Short sale according to Investopedia ” is when a financially distressed homeowner sells their property for less than the amount due on the mortgage. The buyer of the property is a third party (not the bank), and all proceeds from the sale go to the lender.
It is a sale of real estate in which the net proceeds from selling the property will fall short of the debts secured by liens against the property. In this case, if all lien holders agree to accept less than the amount owed on the debt, a sale of the property can be accomplished. A Short Sale is not to be confused with a Short Settlement.
A short sale has two intrinsic and inseverable components. A Short Sale is successful when (1) a lienholder(s) (a.k.a. Mortgage Company) is agreeable to net less than the amount owed on the note (debt) as the result of (2) an arm’s length sale at or below the Appraised Value for that property.
The agreeable selling price is intrinsically defined to be at or less than the appraised value allowing the process to be attainable. A prudent buyer will not pay greater than the appraised value, and a Bank or Finance company will not provide a mortgage for greater than the appraised value, thus limiting the Short Sale proceeds to a maximum gross yield of the property’s Appraised Value.
A short sale may occur when the lienholder expects that a mortgage will likely never be repaid and the home’s value (due to the home’s condition, such as if a prior homeowner vacated the property and left it damaged or trashed, or general economic conditions in the area or nationwide) will not (either quickly or at all) regain equity to allow full payment of the mortgage.
It’s important to understand that a Lien holder is not bound to accept the Appraised value and can demand a greater selling price. In this case, a “Sale” with a prudent arm’s length buyer is no longer a reasonable or attainable expectation. Instead the demand for greater than the Appraised Value (but less than the amount owed on the debt) is called a “Short Settlement”.
Some Lien holders will agree to a Short Sale but not a Short Settlement while demanding greater than the Appraised Value. This is a paradox as neither is achievable and both predestined for failure.

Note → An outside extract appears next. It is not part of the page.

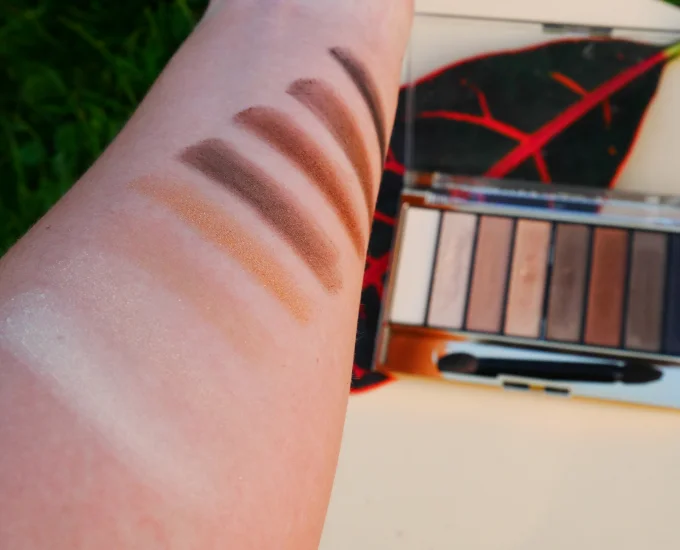 Swatch Max Factor Masterpiece Oogschaduw Nudes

Therefore, a “Short Sale” can only be accomplished when a Lien Holder is willing to accept less than what is owed on the debt while also agreeing to accept a sales price that is at or below the appraised value for the property.
Creditors holding liens against real estate can include primary mortgages, second mortgages, home equity lines of credit (HELOC), homeowner association liens, mechanics liens, IRS and State Tax Liens, all of which will need to approve the sale in return for being paid less than the amount they are owed. The lien holders do not have to agree to accept less, but they often do since the alternative is to let the property go to foreclosure.

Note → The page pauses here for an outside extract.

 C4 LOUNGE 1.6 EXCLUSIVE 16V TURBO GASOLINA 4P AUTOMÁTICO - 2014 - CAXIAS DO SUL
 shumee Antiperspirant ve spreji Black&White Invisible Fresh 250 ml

A short sale is a more beneficial alternative to foreclosure and has become commonplace in the United States since the 2007 real estate recession. Other countries have similar procedures. For instance, in the UK the process is called Assisted Voluntary Sale. While both short sale and foreclosure result in negative credit reporting against the property owner, because the owner acted more responsibly and proactively by selling short, credit impact is less.
Real Estate Investing : Property Selling For Less Process : Short Sale
1. Contact the Primary Lien holder and submit an application to be accepted into their Short sale Program. Lenders will not entertain any short sale contract with a buyer unless the home owner has first been approved for their program.

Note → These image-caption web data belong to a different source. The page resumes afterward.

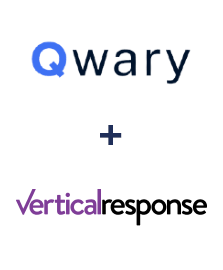 Integration of Qwary and VerticalResponse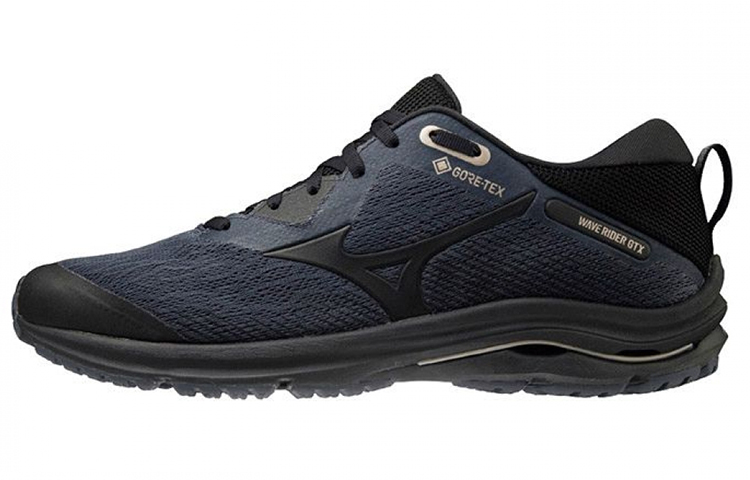 Buy 美津濃 女款 Wave Rider GTX '海軍藍 黑色' J1GD207910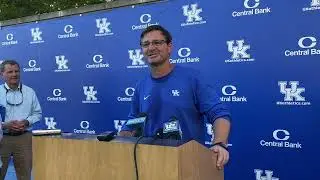 Kentucky OC Rich Scangarello - 8/30 Practice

2. The Lender should verify that any government programs, such as Home Affordable Foreclosure Alternatives (HAFA) eligibility, are explored, including relocation assistance to the borrower.
3. Once approved the Lender should provide the terms of the short sale. Terms can include forgiveness of any deficiency, money incentive for a successful closing, property must be listed by a certain date, and many other incentives.
4. Interviewing real estate agents and selecting the most qualified person to handle your short sale (if you have not already selected a listing agent).
5. It can be helpful to obtain Broker Price Opinion letter to establish an estimate (not an appraisal) of the property’s current market value. This BPO’s must use comps in your immediate market. The property should be listed at a greater price to show the Lender you are trying to get the highest possible price.
6. Monitoring the listing to ensure that it is proactively handled.
7. Negotiate with Junior Lien holders for a reduced payoff. Junior Lien holders will get nothing in the event of a foreclosure (that qualifies for a short sale) therefore they have every incentive to settle for something rather than nothing. Junior Lien holders are permitted to pursue a personal money judgment due to any deficiency this creates. Negotiating to eliminate this is paramount for the borrower.
8. Submitting the short sale offer to all lien holders and negotiating with them to obtain approval of the sale.
9. Working with the lien holders to obtain release of any deficiency liability.